2023-08-03 at

A Systematic Introduction to Git

Headnote :

Document initialised 2023-AUG-(03-to-08) : because I've been using Git on and off for twelve years without knowing how it works.

Some related references : 

This document introduces Git and its file storage structure; this is not a quick introduction to simply using Git.
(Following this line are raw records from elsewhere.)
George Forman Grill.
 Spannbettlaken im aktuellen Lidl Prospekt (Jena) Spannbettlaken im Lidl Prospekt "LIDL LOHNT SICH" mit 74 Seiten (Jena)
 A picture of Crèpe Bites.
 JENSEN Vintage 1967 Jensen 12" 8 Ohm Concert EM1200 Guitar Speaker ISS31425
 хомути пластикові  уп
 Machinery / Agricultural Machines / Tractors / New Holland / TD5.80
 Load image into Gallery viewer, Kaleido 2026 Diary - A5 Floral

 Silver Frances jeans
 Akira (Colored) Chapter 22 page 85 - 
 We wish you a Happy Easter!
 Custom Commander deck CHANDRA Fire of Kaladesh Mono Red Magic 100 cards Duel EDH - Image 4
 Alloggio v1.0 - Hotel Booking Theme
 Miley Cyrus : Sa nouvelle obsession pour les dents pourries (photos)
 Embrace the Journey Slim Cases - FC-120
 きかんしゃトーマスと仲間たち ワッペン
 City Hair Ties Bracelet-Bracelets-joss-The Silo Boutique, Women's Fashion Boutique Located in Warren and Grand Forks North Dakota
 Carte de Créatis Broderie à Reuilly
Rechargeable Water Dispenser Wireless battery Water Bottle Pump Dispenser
This touches upon both porcelain and plumbing - focus is on the porcelain, with intermediate-student-level plumbing references to explain how the porcelain is implemented. 


Map of Files versus [ Sections of this Document ]

                      <<Misc.>>   <<Refs>>    <<Heads>>

+ a_main_work_tree/   (2.)
  + .gitattributes    (8.)
  + .gitignore        (7.)
  + .git/ ........... (3.)
    |
    + branches/       (deprecated)
    + hooks/ ........ (6.)
    + info/           (9.)
    + objects/ ...... (3.1.)
    + rebase-apply/   (XXX)
    + refs/                       (3.2.)
    | |
    | + heads/ .............................. (3.2.3.)
    | + remotes/                  (3.2.2.)
    | + stash ................... (3.2.5.)
    | + tags/                     (3.2.1.)
    |
    + CHERRY_PICK_HEAD ...................... (3.2.3.b.1)
    + COMMMIT_EDITMSG (4.)
    + config ........ (5.)
   
+ description     (3.4.)
    + FETCH_HEAD  ........................... (3.2.3.b.2)
    + HEAD                                    (3.2.3.b.)
    + index ......... (3.3.)
    + logs                        (3.2.4.)
    + MERGE_HEAD ............................ (3.2.3.b.3.)
    + MERGE_MSG       (4.1.)
    + ORIG_HEAD ............................. (3.2.3.b.4.)
    + SQUASH_MSG      (4.2.)
    + packed-refs ............... (3.2.a.)

0.

Git USERS ... that's some human, or machine.

1.

Git EXECUTABLES ... are OPERATOR scripts or binaries which take user commands as input, and perform operations as output; this is the git software which "does things"; besides taking commands from shells, or STDIN in general, a TCP server can be started with (git daemon).

2.

Git MAIN WORK TREES a.k.a. WORKING DIRECTORIES a.k.a. WORKING COPIES a.k.a. PROJECT DIRECTORIES ( informally, a.k.a. GIT ROOT ) ... typically located at "a_main_work_tree/.git/", as the parent folders of REPOSITORIES ... are OPERANDS of git executables; users typically mess around here, and selectively include or exclude files to be TRACKED a.k.a. STAGED a.k.a. INDEXED (see 3.3. below).

2.1.

( A REPOSITORY can support only one MAIN WORK TREE, but it can support MULTIPLE LINKED WORK TREES managed via (git worktree), but this is an intermediate-student-level pattern. By convention, the WORK TREE, refers only to the MAIN WORK TREE. )

3.

Git REPOSITORIES a.k.a. REPOS a.k.a. "git DIRECTORIES, typically named ".git"... are OPERANDS of git executables; repositories store data, within a single folder; typically, for convenience, it is stored in the MAIN WORK TREE as a hidden folder, but is not itself a logical component of the MAIN WORK TREE; a repository is initialised with (git init), or cloned with (git clone).

3.1.

The OBJECT DATABASE ... typically stored at ".git/objects/", contains five types of objects.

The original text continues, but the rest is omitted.